No I know that this subject has been beat to death, like everybody has said everything there is to say about it but you know what? I'm gonna FUCKING SAY IT.
First thing I have a problem with is bitches walking through the security line, decked out in EVERY KIND OF METAL THERE IS. I'm sorry, did you not know that you were getting on an airplane today? Did you not think about the fact that you were gonna have to go through security in the metal detector? When I go to the airport, I'm wearing like leggings, a shirt and maybe like a sweatshirt, you know? Sorry I didn't take the time to put on every bracelet that I own, my Gucci belt, sunglasses, like a metal headband made out of pierce, spikes and jewellery out the ass, I didn't put $25 worth of change in my pocket and I'm holding on to like 800 metal things cause you know what happens? You walk into the airport looking like a COMPLETE FUCKING ASSHOLE, we can all pick you out in the crowd. You're walking in your heels, you got your little bag,(*oh omigod I'm so hawt! So fucking hot, look at me. I going on an airplane*) And then we all wait, for 6 HOURS to get through security while you walk back and forth through the metal detector, (*bee bee bee* oh sorry I forgot to take this out) ( and repeat for 3 times) . MOTHERFUCKER.

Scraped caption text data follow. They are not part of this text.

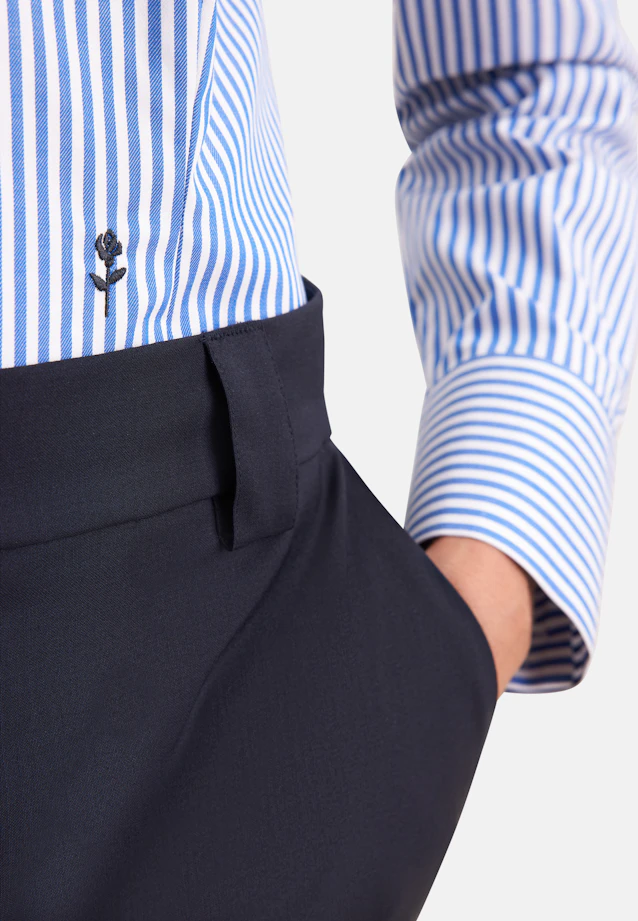 Kelchkragenbluse aus Baumwollsatin slim fit in Mittelblau |  Seidensticker Onlineshop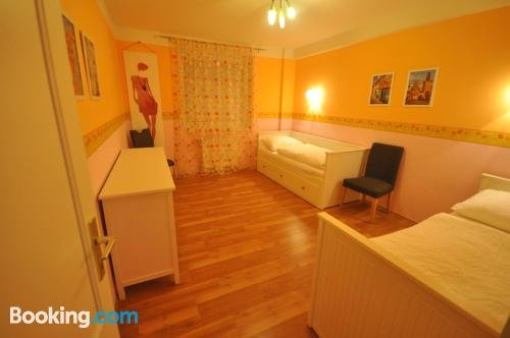 Apartment Jeseniova 90m2 with Garage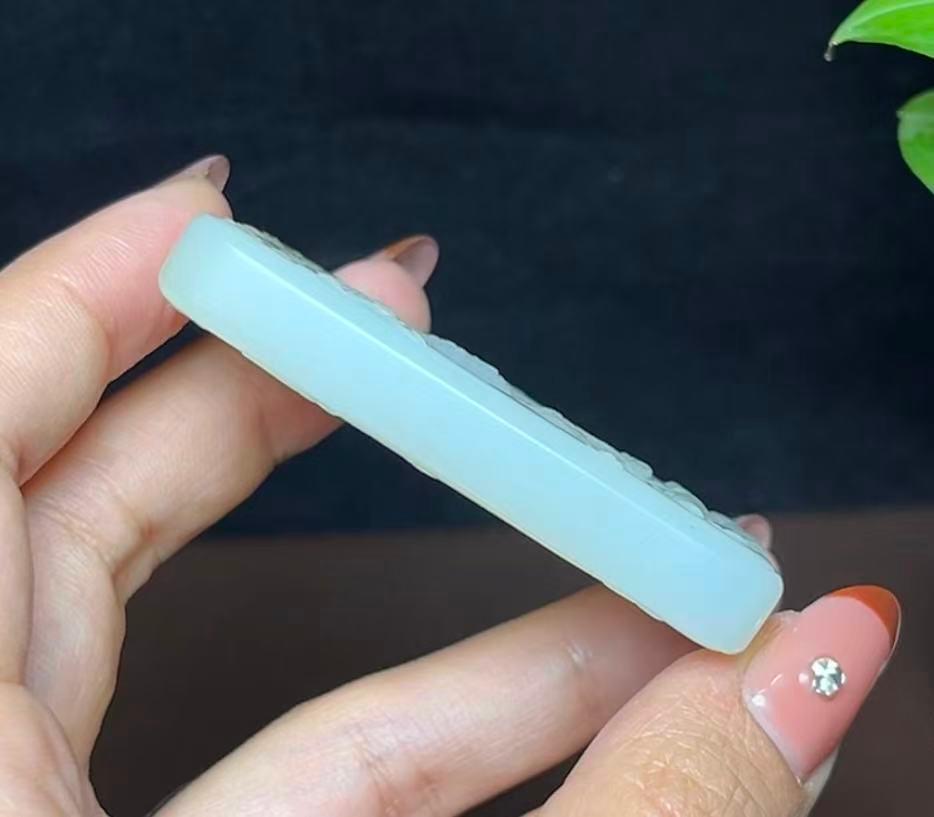 新疆和田玉且末料观音（60.1g）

   Then, instead of getting your stuff and your little tray and moving somewhere else, to put it back on, you stand right there and you put it all on, while WE ALL stand there and FUCKING WAIT. Sorry that i have to wait 20 minutes for you to put your SHIT ON because all I need is my turtle backpack and my fucking shoes so I can get to my plane. And you know who I blame this on? I blame it on fucking VICTORIA BECKHAM, and every BITCH just like her that makes people think they need to be all dressed up to go to the airport cause lemme fucking tell you something about Victoria Beckham; she needs to calm the fuck down. It's not like she's flying from London to Paris or some shit, she's flying all over the world. She's flying for like 10 HOUR flights. I just did that flight from like London to LA and Guess what? IT TAKES 10 FUCKING HOURS.
   For someone to sit in their feels, in their mad uncomfortable looking outfit, like it looks like it's squeezing her in all the places that you don't wanna be squeezed for 10 hours, that does not make you stylish okay? It doesn't make you a HOT BITCH, it doesn't make you a BIG FUCKING DEAL. It makes you a GOD DAMN IDIOT. Nothing says i have an IQ lower than 45 like a pair of SIX INCH HEELS. Cause Guess what bitch? You're not going anywhere important 'cause you're sitting next to me in FUCKING ECONOMY.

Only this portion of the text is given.